En 1853, lors de la première de La Traviata, le public, choqué par le réalisme de l’histoire, rejette la pièce. Près de deux siècles plus tard, cette œuvre de Verdi compte parmi les trois opéras les plus joués au monde. Découvrons comment un fiasco peut devenir un succès planétaire.

Au moment où il signe un contrat avec La Fenice de Venise, loin des grands tableaux de Nabucco, Verdi souhaite profiter de la petite scène du théâtre pour mettre en scène un drame intime. Il choisit d’adapter La Dame aux camélias d’Alexandre Dumas fils en utilisant des costumes contemporains. Mais la censure – Venise est alors sous domination autrichienne – s’inquiète du livret : la prostitution, la déchéance sociale et la mort sans gloire du personnage principal heurtent les convenances. L’action est alors transposée "vers 1700" et les acteurs revêtent des costumes fin Louis XIV.

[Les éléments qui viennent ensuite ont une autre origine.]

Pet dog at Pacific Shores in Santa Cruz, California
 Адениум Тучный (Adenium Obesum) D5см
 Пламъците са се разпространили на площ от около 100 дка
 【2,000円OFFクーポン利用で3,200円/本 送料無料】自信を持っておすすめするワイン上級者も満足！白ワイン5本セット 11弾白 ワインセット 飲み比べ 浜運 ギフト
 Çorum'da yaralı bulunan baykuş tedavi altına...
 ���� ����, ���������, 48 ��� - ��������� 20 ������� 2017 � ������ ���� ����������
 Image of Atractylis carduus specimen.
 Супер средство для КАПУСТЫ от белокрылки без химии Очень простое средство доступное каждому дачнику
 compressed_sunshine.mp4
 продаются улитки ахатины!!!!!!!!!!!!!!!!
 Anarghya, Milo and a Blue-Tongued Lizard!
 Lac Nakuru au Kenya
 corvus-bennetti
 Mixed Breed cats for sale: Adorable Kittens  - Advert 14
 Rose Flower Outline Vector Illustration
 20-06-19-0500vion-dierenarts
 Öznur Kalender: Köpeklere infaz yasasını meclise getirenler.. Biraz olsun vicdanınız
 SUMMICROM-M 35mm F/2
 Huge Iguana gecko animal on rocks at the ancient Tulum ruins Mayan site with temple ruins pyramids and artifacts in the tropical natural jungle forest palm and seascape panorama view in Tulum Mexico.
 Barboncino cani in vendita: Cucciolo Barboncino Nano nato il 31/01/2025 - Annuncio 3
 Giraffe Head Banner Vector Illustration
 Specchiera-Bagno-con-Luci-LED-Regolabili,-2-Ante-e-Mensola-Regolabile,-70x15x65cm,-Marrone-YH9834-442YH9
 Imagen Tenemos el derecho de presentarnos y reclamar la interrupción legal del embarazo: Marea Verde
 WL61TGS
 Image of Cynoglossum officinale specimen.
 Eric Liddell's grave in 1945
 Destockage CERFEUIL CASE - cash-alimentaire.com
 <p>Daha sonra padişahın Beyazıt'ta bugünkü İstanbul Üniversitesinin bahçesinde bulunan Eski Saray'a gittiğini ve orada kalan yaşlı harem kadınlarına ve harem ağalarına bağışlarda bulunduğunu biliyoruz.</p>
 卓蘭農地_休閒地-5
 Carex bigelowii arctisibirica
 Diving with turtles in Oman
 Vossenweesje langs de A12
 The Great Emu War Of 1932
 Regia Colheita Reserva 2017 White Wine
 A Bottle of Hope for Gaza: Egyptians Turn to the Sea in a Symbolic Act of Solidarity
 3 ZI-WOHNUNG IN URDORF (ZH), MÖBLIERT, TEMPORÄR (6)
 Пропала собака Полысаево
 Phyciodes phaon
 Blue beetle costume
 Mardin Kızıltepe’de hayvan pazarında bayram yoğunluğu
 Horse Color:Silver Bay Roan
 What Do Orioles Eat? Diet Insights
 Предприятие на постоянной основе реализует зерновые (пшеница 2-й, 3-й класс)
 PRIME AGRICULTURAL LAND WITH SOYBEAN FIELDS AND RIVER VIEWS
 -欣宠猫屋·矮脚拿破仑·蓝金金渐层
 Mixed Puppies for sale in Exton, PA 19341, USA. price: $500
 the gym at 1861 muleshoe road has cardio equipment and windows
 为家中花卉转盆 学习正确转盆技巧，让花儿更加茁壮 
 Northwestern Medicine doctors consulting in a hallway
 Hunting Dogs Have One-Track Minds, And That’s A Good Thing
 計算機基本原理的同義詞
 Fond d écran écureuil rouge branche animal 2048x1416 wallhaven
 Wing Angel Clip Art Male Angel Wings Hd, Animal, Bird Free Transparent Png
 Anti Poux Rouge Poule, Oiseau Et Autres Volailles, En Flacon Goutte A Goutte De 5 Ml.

Plácido Domingo, La Traviata, 2019

Malgré ces concessions, la première est un terrible échec. Le public, tout comme les chanteurs, semble déstabilisé face à cette œuvre novatrice au réalisme cru. Verdi retravaille alors le livret pour une reprise un an plus tard au Teatro San Benedetto de Venise. Cette fois, l’ouvrage, plus abouti, remporte un triomphe ! Le public est conquis par l’histoire de cette femme éprise de liberté, qui défie les conventions sociales. Verdi fait retirer les copies de sa partition de 1853 en faveur de cette version définitive.

La Traviata marque un tournant : l’opéra embrasse le drame réaliste en n’excluant pas le personnage d’exception, mais en le plaçant au coin de la rue. L’art lyrique s’inspire d’une nouvelle littérature du réel. Dans la lignée de Violetta naissent ainsi Giulietta (Les Contes d’Hoffmann d’Offenbach, 1881) et Manon (Massenet, 1884). Il faudra cependant attendre 1906 pour qu’une mise en scène de La Traviata en costumes modernes voie le jour à Milan.

La Traviata marque un tournant : l'opéra embrasse le drame réaliste en plaçant le personnage d'exception au coin de la rue.

La Traviata, Rigoletto et Le Trouvère forment ce que l'on désigne aujourd’hui la « trilogie » de Verdi, trois chefs-d'œuvre nés dans une période créative très dense de deux ans seulement. L’art du compositeur y atteint sa pleine maturité, alliant authenticité des personnages, puissance dramatique et invention mélodique.

Représentation au Florida Grand Opera en 2008, en costumes du XIXe siècle

Au-delà de La Traviata

Sur les vingt-huit opéras composés par Verdi, seulement cinq s’intitulent du nom (ou surnom) de leur héroïne : Giovanna d’Arco (« Jeanne d’Arc »), Alzira, Luisa Miller, La Traviata, Aida. Mais La Traviata a failli ne pas s’appeler ainsi ! Le livret, que Verdi avait d’abord intitulé Amore e morte (« Amour et mort »), fut jugé trop explicite par la censure autrichienne et rebaptisé La Traviata (« La Femme égarée »).

La bande-son

Dans La Traviata, le drame se cache sous les ors de la fête et chaque note célèbre la vie tout en annonçant sa fin. Découvrez le contraste entre le célèbre « Libiamo ne’ lieti calici », véritable chanson à boire, et « Addio del passato », air d’adieu de Violetta. Ce contraste s’affirme aussi entre « Sempre libera », où Violetta exprime son désir de liberté, et « Amami, Alfredo », où elle implore l’amour d’Alfredo.